Это можно отнести и к рисункам, сопровождающим тексты учебников, в нашем случае – для начальной школы. Например, в одном из таких учебников михалковский дядя Степа вынимает из воды тонущего ученика в школьной форме образца 1975 года! Напомним, что «Дядя Степа» писался в довоенные годы. Зачем закладывать в несовершенные детские знания то, что Л.Н. Гумилев называл аберрацией близости? А то еще А.С. Пушкина будут рисовать в джинсах и с плеером в ушах.

Был такой эксперимент. Преподаватель одного из московских вузов, чтобы облегчить жизнь школьникам, перевел на молодежный сленг «Слово о полку Игореве». Проанализируем эту ситуацию (нежелающие читать программное произведение по определению могут быть отнесены ко второму типу интеллекта, невербальному). Из песни слова не выкинешь, а тут были выкинуты все слова. То, что получилось в итоге, школьникам жизнь не облегчило, представления о «Слове» не дало, но «завело» всю словесную общественность. Уж лучше бы комикс сделал. Вот это пошло бы!

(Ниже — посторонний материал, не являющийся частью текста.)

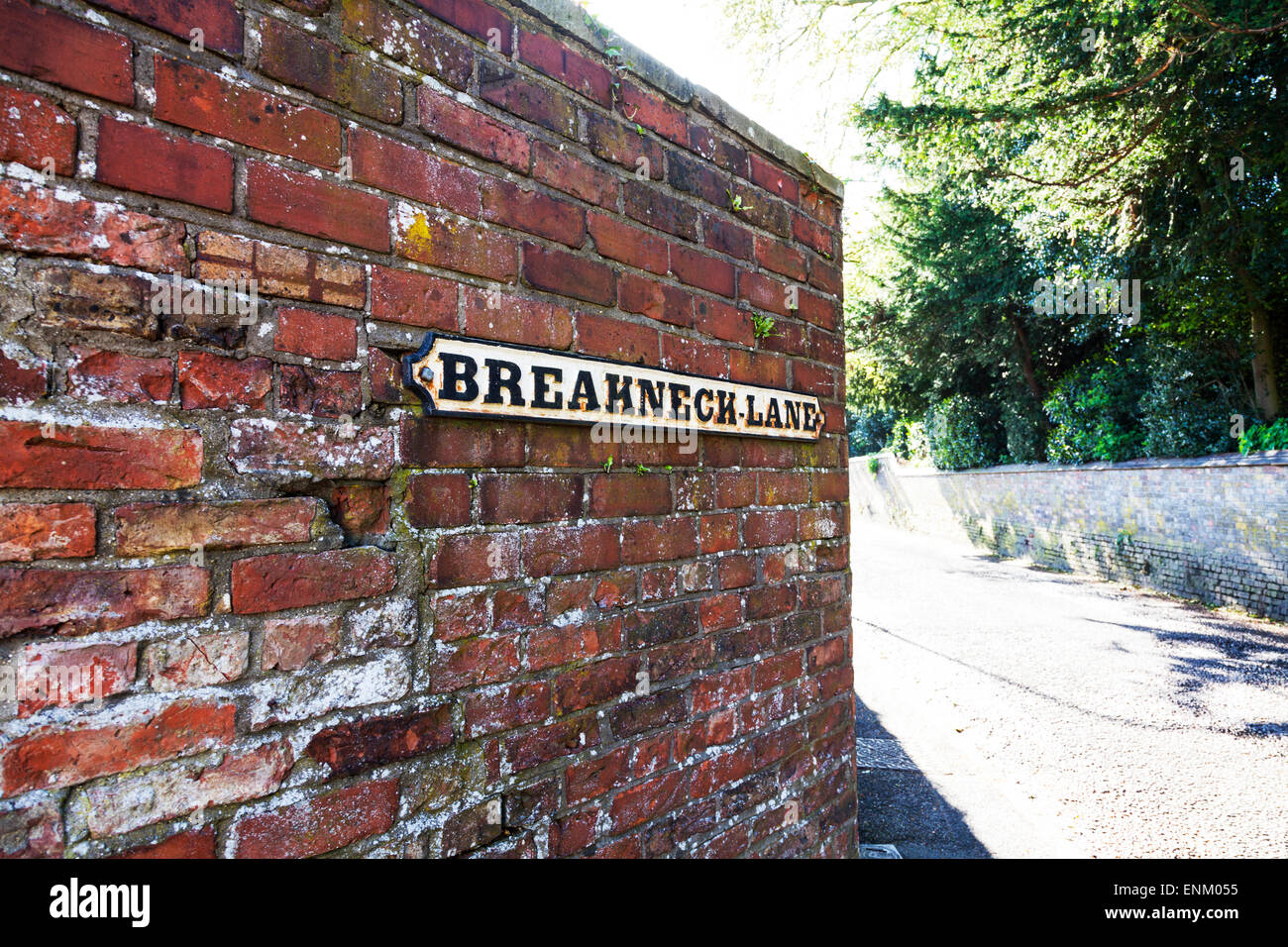 weird strange unusual funny amusing road street name sign signs 'Breakneck Lane' Louth Lincolnshire UK England Stock Photo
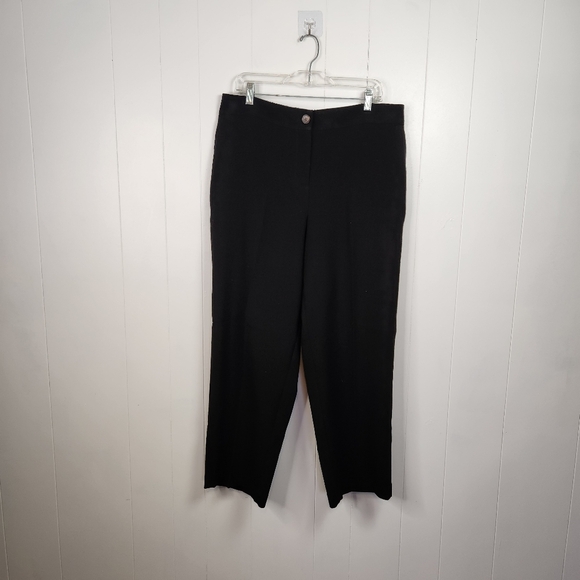 Addition Elle Black Wide Leg Trousers Pants High Rise Elastic Waist Plus Size 14 - Picture 3 of 11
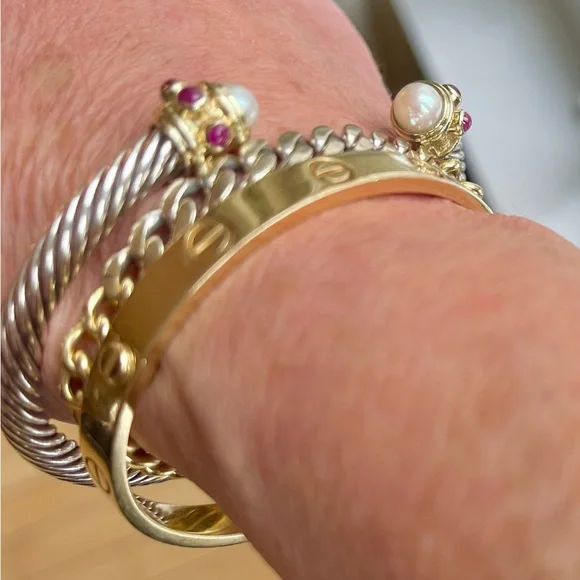 Authentic David Yurman bracelet. Silver/gold and Pearls and Pink stones. - Picture 3 of 5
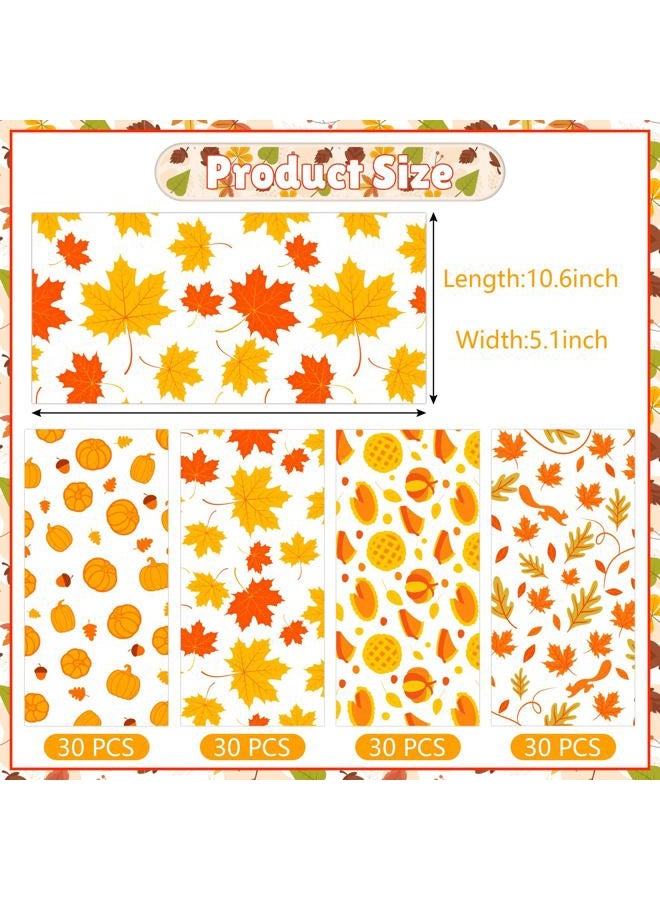 WATCPNO Thanksgiving Bags Thanksgiving Gift Goodie Candy Clear Cello Bags - Image 4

А так – плач Ярославны подан следующим образом:

Во Путивле, клевом тауне, пребывая в стремном дауне,

Ярославна, хайлафисточка, гонит край как мазохисточка.

Со слезой калякает Днепру и т. п.

Разве только один Днепр опознаваем… Изменен текст, изменился дискурс, с такими, с позволения сказать, знаниями даже ЕГЭ не сдашь.

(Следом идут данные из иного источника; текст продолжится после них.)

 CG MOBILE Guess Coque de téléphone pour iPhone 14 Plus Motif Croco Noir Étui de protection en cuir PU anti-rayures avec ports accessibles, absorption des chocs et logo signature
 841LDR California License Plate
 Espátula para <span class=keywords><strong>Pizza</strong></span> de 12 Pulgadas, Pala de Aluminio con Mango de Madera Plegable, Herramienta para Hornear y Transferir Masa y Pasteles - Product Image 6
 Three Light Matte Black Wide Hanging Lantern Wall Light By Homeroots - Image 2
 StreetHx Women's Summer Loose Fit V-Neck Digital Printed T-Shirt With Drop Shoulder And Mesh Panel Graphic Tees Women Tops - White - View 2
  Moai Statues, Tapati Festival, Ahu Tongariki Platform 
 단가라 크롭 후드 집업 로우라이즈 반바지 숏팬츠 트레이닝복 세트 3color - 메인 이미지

Мультимедийный уровень подачи знаний завлекателен. Но от избытка его возможностей теряется выразительность. Блеск могучих носителей формы мешает включению критического разума. Информация минует стадию скепсиса и тонет, расплывается, – при отсутствии той фокусировки, которую дает оппозиция «текст – читатель». Текст заменен дискурсом, готовеньким как его увидел режиссер, пусть старательно готовивший передачу, фильм, спектакль. Тот, кто мог бы быть читателем, – пришел, увидел, посмотрел (а думать-то и не надо). Ну и что?

Медитация над текстом не всегда легка и уж совсем не развлекательна. Но пропущенное через себя слово остается. Превратить текст в реальный дискурс – вот задача школы. И совершенно не обязательно, знакомясь с текстом, благоговейно шуршать бумажными страницами. Текст может быть подан и на экране монитора (кто-то считает, что это современнее, почему нет?).

Как у М.И. Цветаевой:

Писала я на аспидной доске

И на листочках вееров поблеклых.

И на речном и на морском песке,

Коньками по льду и кольцом на стеклах.

И на стволах, которым сотни зим.

Не все ли равно, чем и на чем писать?

И еще. Исследователем текста А.А. Барышниковым было выявлено (по словарю С.И. Ожегова) 818 текстонимов – определений текста. В принципе они все опознаваемы носителем русского языка (он отличает афишу от повести, письмо от романа, лекцию от рекламы и т. п.). Опознаваемы, поскольку когда-то носитель наблюдал их непосредственно в действии и очень часто в письменном представлении. Вот она, письменная подача. Никуда от нее не деться. Только чтение может дать на выходе все виды дискурса. И лучше будет, если читающий придет к реальному дискурсу – пройдя естественные стадии непонимания: виртуальный, латентный, квази-дискурсы.

Письмо. Словесность. Книжность

Принято считать, что исторически алфавит (то есть основа письменности) следует за религией. Поэтому всегда к алфавиту у любого народа устанавливается благоговейное отношение, переносимое соответственно и на книгу (рукописную, естественно, поначалу и чаще всего религиозную). Далее это отношение распространяется и на книги светского характера.